In a couple of tweets that broke the needle on our sarcasm meter, Belfiore said that he was “flattered” that lots of great ideas from Windows Phone 7 made it over to iOS 5. He wasn’t being shy in mentioning which ones either; the ability to start the camera from the lockscreen, auto-upload of pictures to a cloud service, better notifications system, Wi-Fi sync, built-in Twitter, background download service and short-messaging chats.

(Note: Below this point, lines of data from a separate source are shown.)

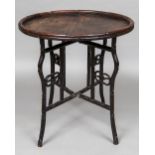 A 19th century Chinese hardwood folding occasional table The circular top with faux bamboo gallery,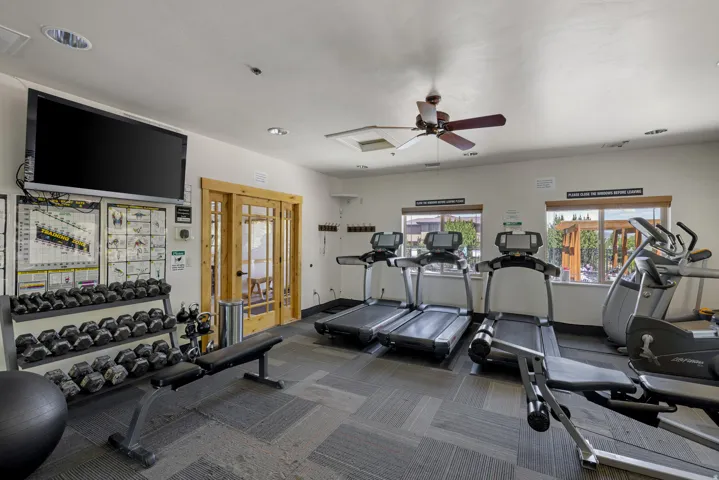 Workout area with a ceiling fan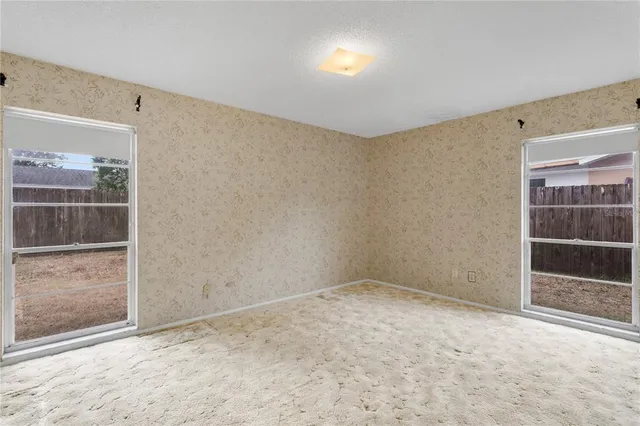 a backyard of a house with a tree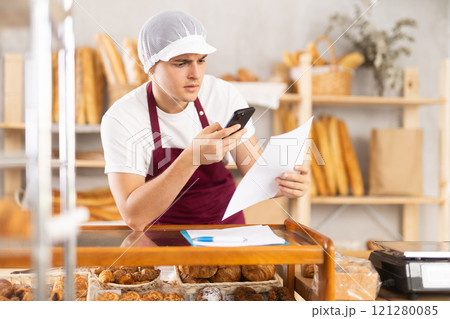 Focused young bakery manager organizing orders with smartphone 121280085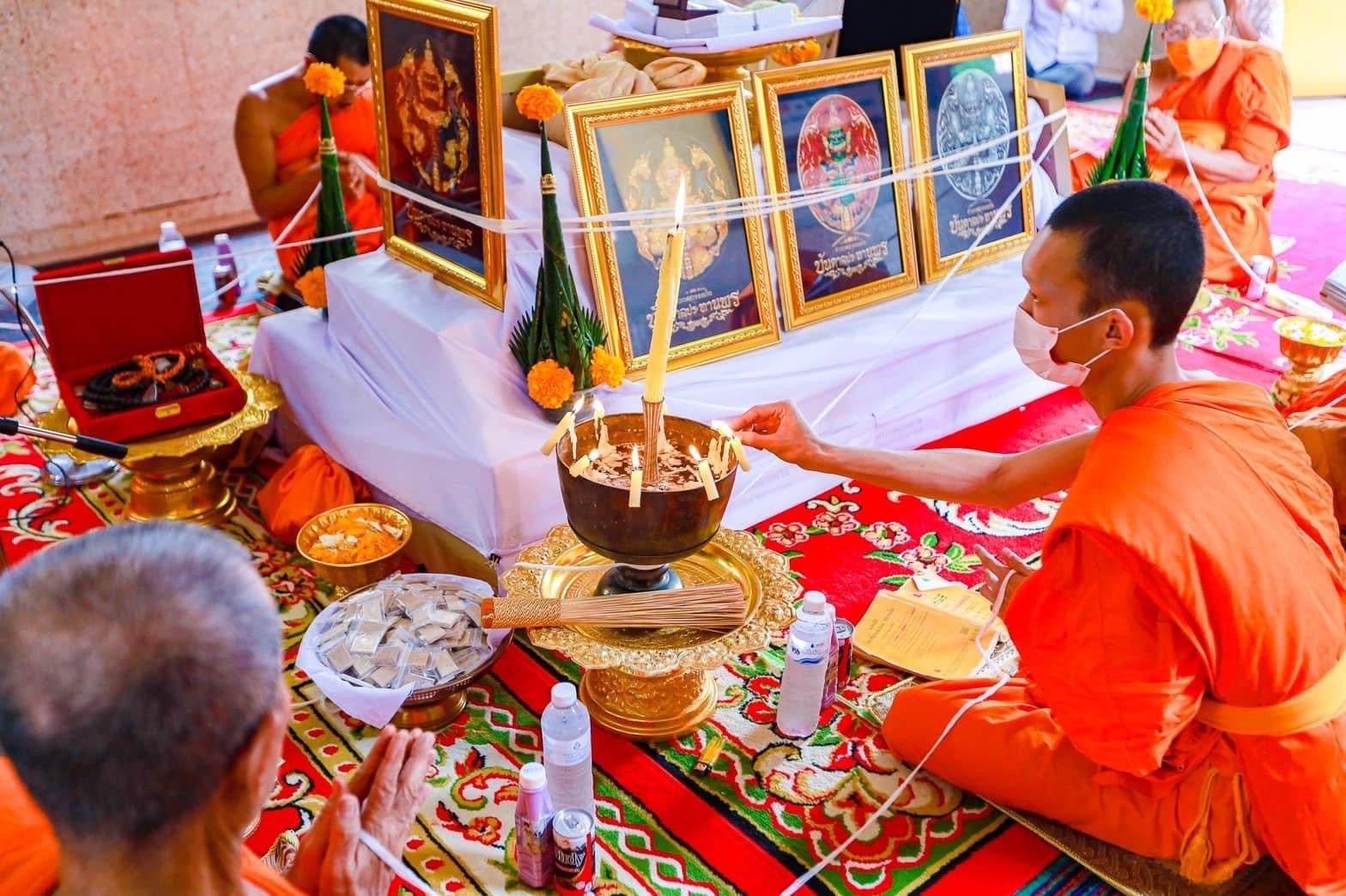 Thao Wessuwanno Bandarn Patthanapon amulet ceremony scene with orange robed monks and sacred offerings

https://twitter.com/#!/joebelfiore/status/77858553431465985

Now I believe in giving credit where it’s due and certainly some of the things mentioned above were done in WP7 first before anyone else but there are some things I feel Belifiore is taking false credit for. For example the camera lock screen is clearly not something WP7 introduced. At the top of my mind, I can recall a certain Sony Ericsson Vivaz which could start the camera app when you press and hold the shutter button, even when the screen was locked. As for the notification system, I believe the credit for that goes to Android or even WebOS for that matter and not Windows Phone 7. Also, as far as I know, WP7 doesn’t have Twitter integration yet and it supports short-messaging chats over SMS and Facebook, not over a dedicated service like iMessage. Again, the credit for that goes to BlackBerry, not WP7. Also, I don’t think it’s particularly smart to accuse Apple of copying features from Mango that was announced just a couple of weeks back unless he really thinks Apple can copy and implement those features in such a short time.

So while I understand why Belfiore could be frustrated (or who knows, maybe he really was flattered), he really should do his homework before pointing fingers at others. While I’m not justifying what Apple did, I feel taking false credit is equally bad, if not worse.